Il importe de distinguer ici les trois termes employés à ce sujet dans la langue du Nouveau Testament :
Hiereus, terme grec usuel pour désigner le prêtre, quelque religion qu’il desserve, est utilisé dans le Nouveau Testament, aussi bien pour le prêtre juif (Luc 1.5 ; Matthieu 8.4 etc.) que pour le prêtre païen (Actes 14.13). Le hiereus est celui qui s’occupe des choses sacrées (hiéra), sacrifices, cérémonies du culte, etc.
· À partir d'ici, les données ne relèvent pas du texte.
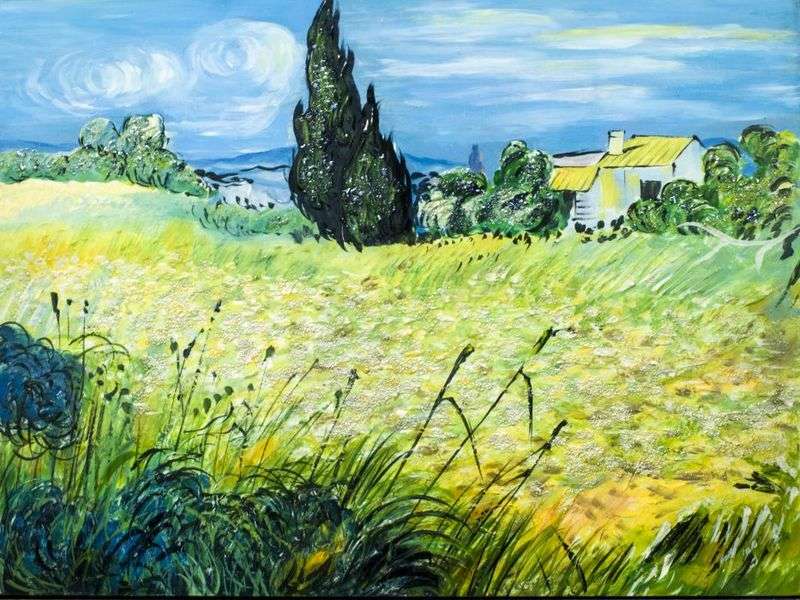 Campo di grano verde con cipresso   Vincent Van Gogh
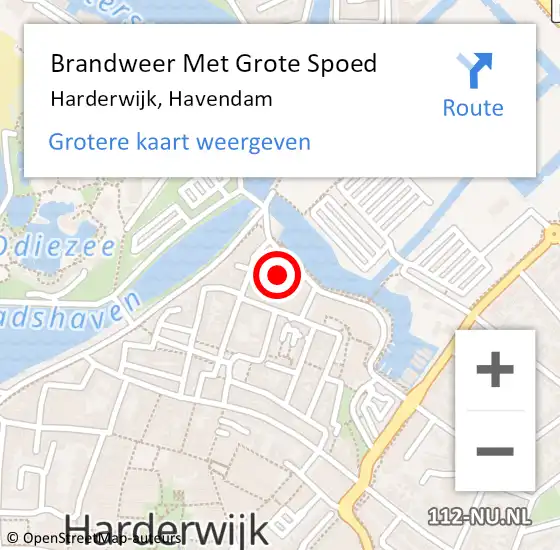 Locatie op kaart van de 112 melding: Brandweer Met Grote Spoed Naar Harderwijk, Havendam op 8 augustus 2022 15:05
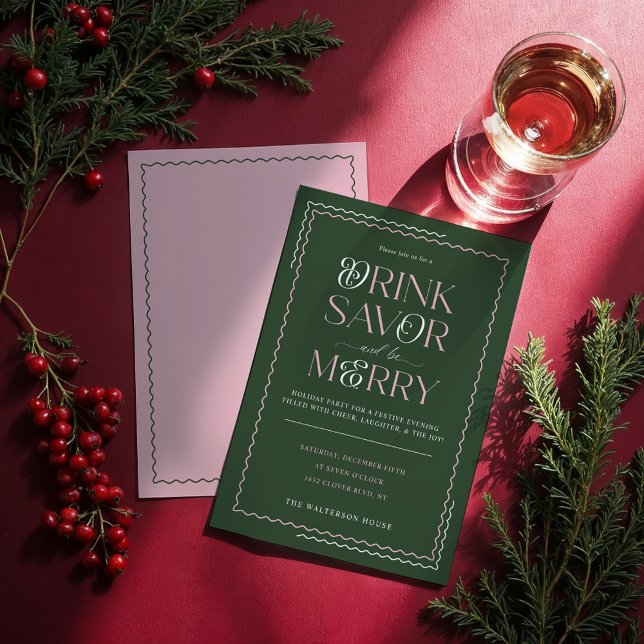 Convite Beba o Savor e seja a Feliz Parte de Feriado de On (Drink Savor and Be Merry Retro Wavy Holiday Party Invitation)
Les versions françaises ont souvent traduit ce mot par sacrificateur (Calvin, Ostervald, Laus., Oltramare, Segond 1910, premières éditions Version Synodale), traduction qu’on abandonne aujourd’hui pour celle de prêtre (Stapfer, Segond 1901, Crampon, Bible du Centenaire, Version Synodale depuis 1934, Lasserre) : voir L. Gautier, Études, pages 247-276. En effet le hiéreus n’est pas chargé des sacrifices, comme le fait croire le titre de sacrificateur ; il est surtout l’officiant, celui qui préside un rite, un culte.
Presbutéros (d’où sont venus en français le mot savant presbytre, c’est-à-dire ancien, et le mot populaire prêtre) est le comparatif de presbus = vieux, âgé, ancien, vénérable, d’où les sens de : préférable, respectable, précieux, donnés à presbutéros. Ici la notion du prêtre n’est plus avant tout qu’il remplit la fonction de vaquer aux offices sacrés, mais plutôt : celui dont l’âge et l’expérience inspirent le respect et lui confèrent l’autorité.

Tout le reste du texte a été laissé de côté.